First of A Kind Gene Silencing Alzheimers Drug Shows Promise

UK scientists have gone on to conduct the first ever trial of a new drug for Alzheimer’s that is able to safely as well as successfully lower the levels of the very harmful tau protein, which is known to cause the disease.

The trial led by University College, London team represents the first time that a gene silencing form of approach has been adopted in dementia as well as Alzheimer’s disease.

This novel approach uses drug by name of BIIB080-IONIS-MAPTRx to silence gene coding in the case of the tau protein, also known as the microtubule-associated protein tau gene. All this prevents the gene from getting translated into the protein in a dose-dependent and reversible way. It also lowers the production of that particular protein and alters the course of the disease. One of the consultant neurologists from UCL Queen Square Institute of Neurology, Dr. Catherine Mummery, opined that they will have to put further research to gauge the extent to which the drug can slow the progression of the physical symptoms of the disease and analyse the drug in older as well as larger people groups and in a more diverse set of populations.

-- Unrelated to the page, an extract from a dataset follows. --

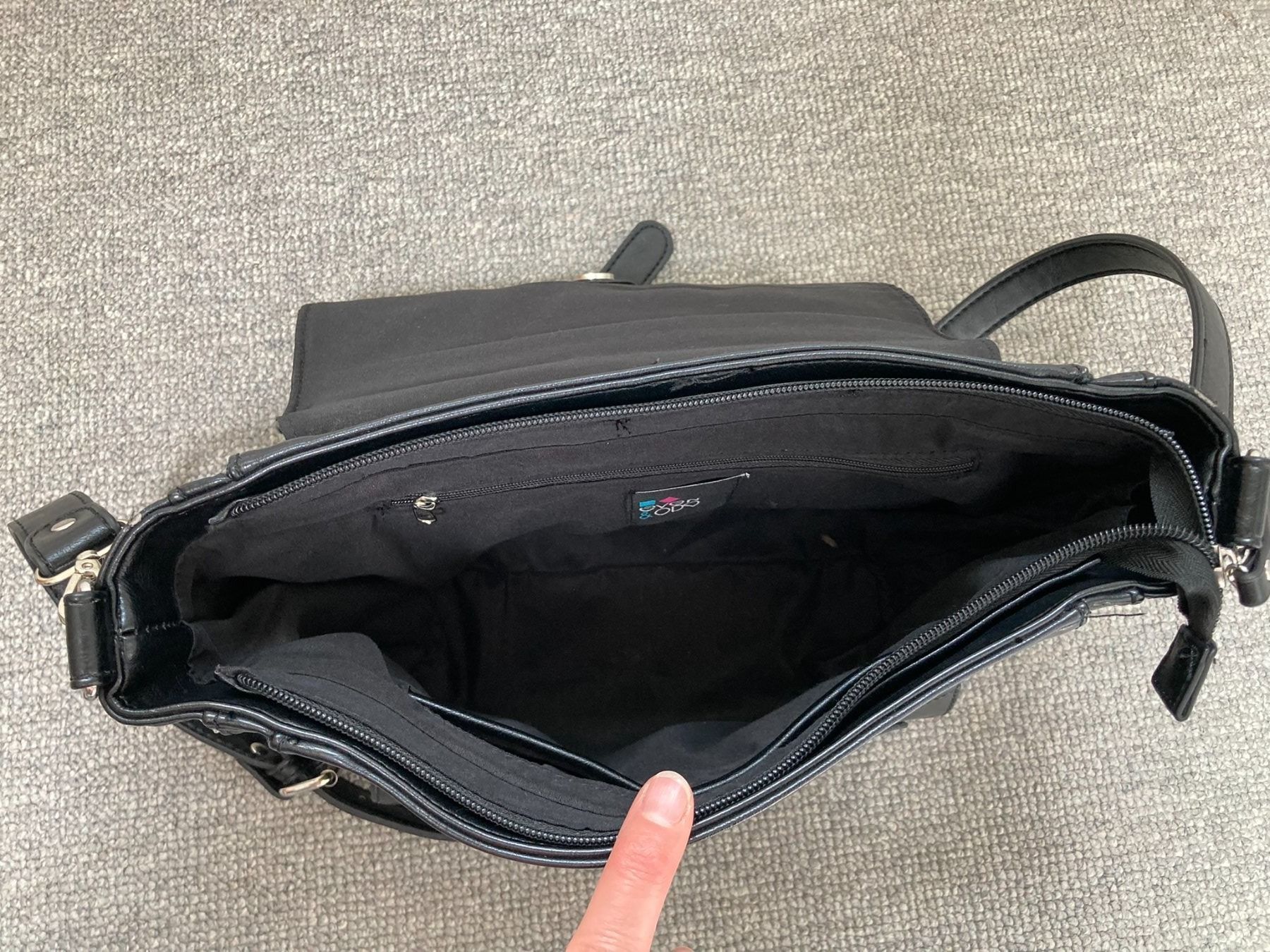 Sacs femmes: Handtasche schwarz – D'occasion à Matzingen par carola71 5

However, these results are a prominent step forward in assuring that one can successfully target tau through a gene silencing drug so as to slow or possibly even reverse Alzheimer’s disease and also other diseases that are caused by the accumulation of tau in the future, Mummery added.

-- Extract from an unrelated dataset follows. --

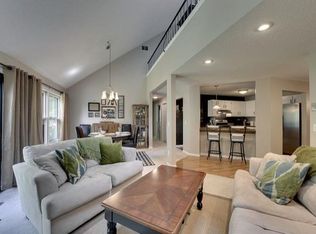 15700 26th Ave N APT D, Plymouth, MN 55447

It is well to be noted that the phase 1 trial too into account the safety of BIIB080 in terms of what it does to the body and how well it can go on to target the MAPT gene. 46 patients, with an average age of 66, were a part of the trial that happened from 2017 to 2020. The trial took into account three doses of the drug given via an intrathecal injection that were compared with the placebo. The results that got published in the Nature Medicine journal demonstrated that the drug was pretty well tolerated, with all patients completing the entire treatment period and more than 90% completing the post-treatment schedule.

Apparently, patients in both the treatment and placebo groups got to have either mild or moderate side effects; the most common was a headache once the drug was injected. That said, no serious adverse events were seen among the patient group that was given the drug.

The research also paid attention to two variations of the tau protein within the central nervous system, which was a reliable disease indicator during the entire study period. Additional 50% reduction in levels of total tau as well as phosphor tau concentration within the CNS after 24 weeks were found in both treatment groups, which went on to receive the highest drug dosage.

Notably, there are currently no treatments that target tau. However, aducanumab, lecanemab that have been approved recently for usage in certain situations by the USFDA go on to target a different disease mechanism within AD, which is the amyloid plaque mechanism.